- SUPPLIED RECORDS:
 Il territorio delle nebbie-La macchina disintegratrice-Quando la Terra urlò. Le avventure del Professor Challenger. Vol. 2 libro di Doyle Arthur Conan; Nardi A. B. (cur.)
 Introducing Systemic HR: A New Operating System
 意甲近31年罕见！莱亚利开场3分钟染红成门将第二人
==
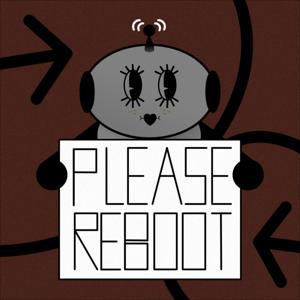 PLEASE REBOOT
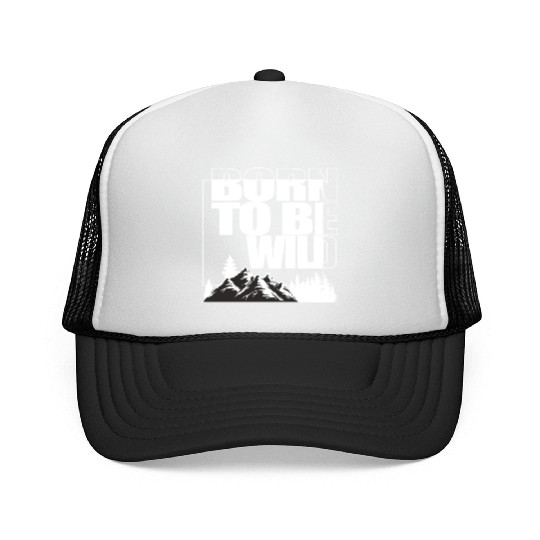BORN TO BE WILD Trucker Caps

- TASK TO CARRY OUT: Above is a listing; print exactly its lines from the one with "Il territorio delle" through the one with "意甲近31年罕见！莱亚利开场3分钟染红成门将第二人", and no other lines.

- YOUR RESPONSE:
 Il territorio delle nebbie-La macchina disintegratrice-Quando la Terra urlò. Le avventure del Professor Challenger. Vol. 2 libro di Doyle Arthur Conan; Nardi A. B. (cur.)
 Introducing Systemic HR: A New Operating System
 意甲近31年罕见！莱亚利开场3分钟染红成门将第二人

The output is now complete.